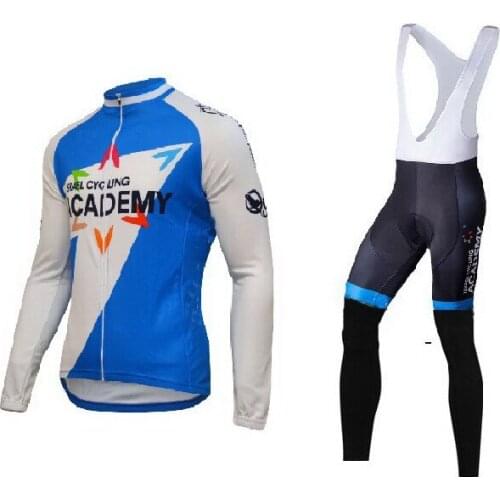 Winter Fleece Thermal 2018 Israel Cycling Academy Mens Cycling Jersey Long Sleeve Bicycle Clothing With Bib PANTS Ropa Ciclismo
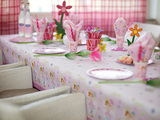 德国进口Duni杜尼儿童公主生日聚会粉红彩色舞动精灵印花塑料桌布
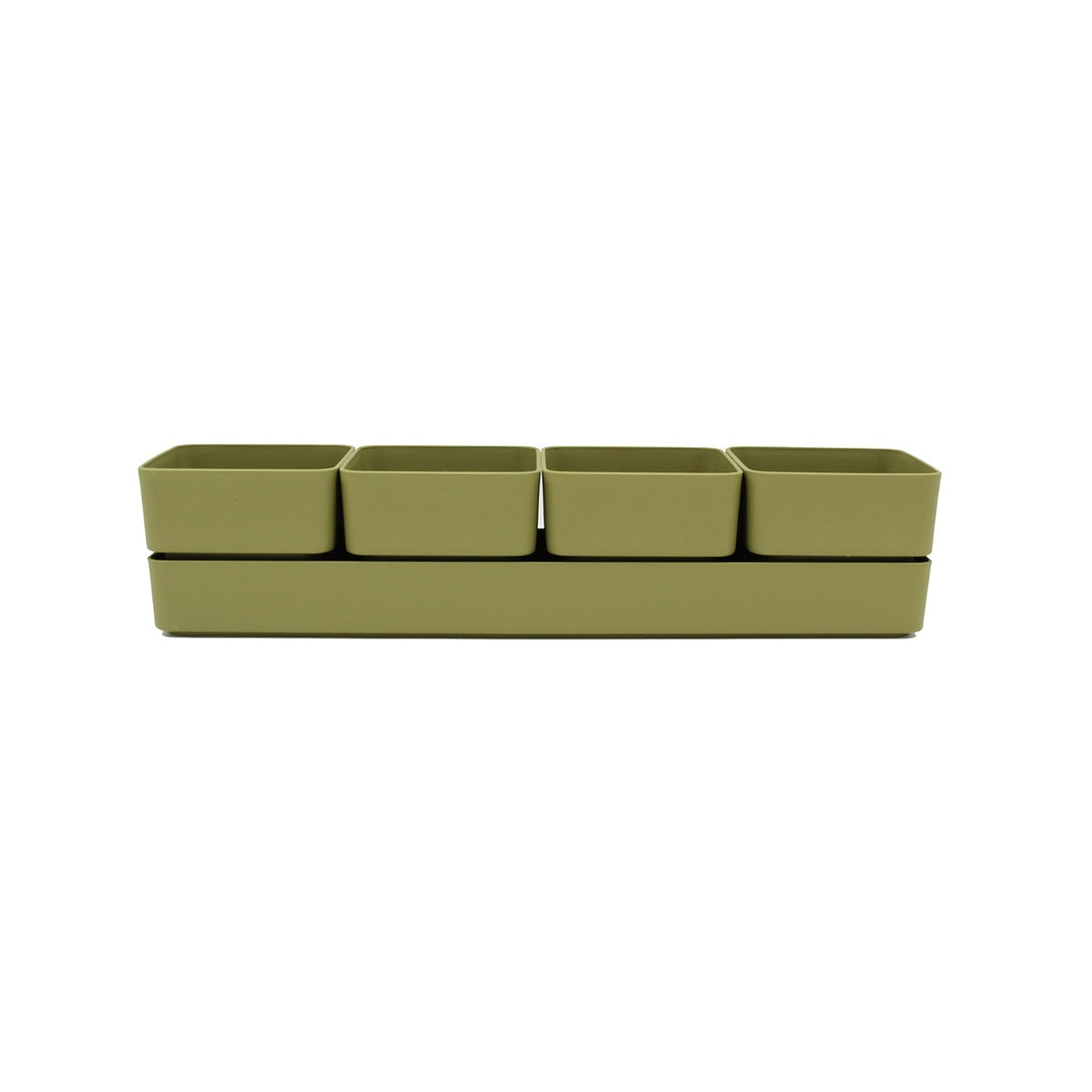 Set cassetta sierra Olive 38 | Vasi di design in plastica colorata TERAPLAST - 08769038-313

§ **Work item**
From the material above, copy everything exactly but the pictures.

§ **Exercise solution**
 Winter Fleece Thermal 2018 Israel Cycling Academy Mens Cycling Jersey Long Sleeve Bicycle Clothing With Bib PANTS Ropa Ciclismo
 德国进口Duni杜尼儿童公主生日聚会粉红彩色舞动精灵印花塑料桌布
 Set cassetta sierra Olive 38 | Vasi di design in plastica colorata TERAPLAST - 08769038-313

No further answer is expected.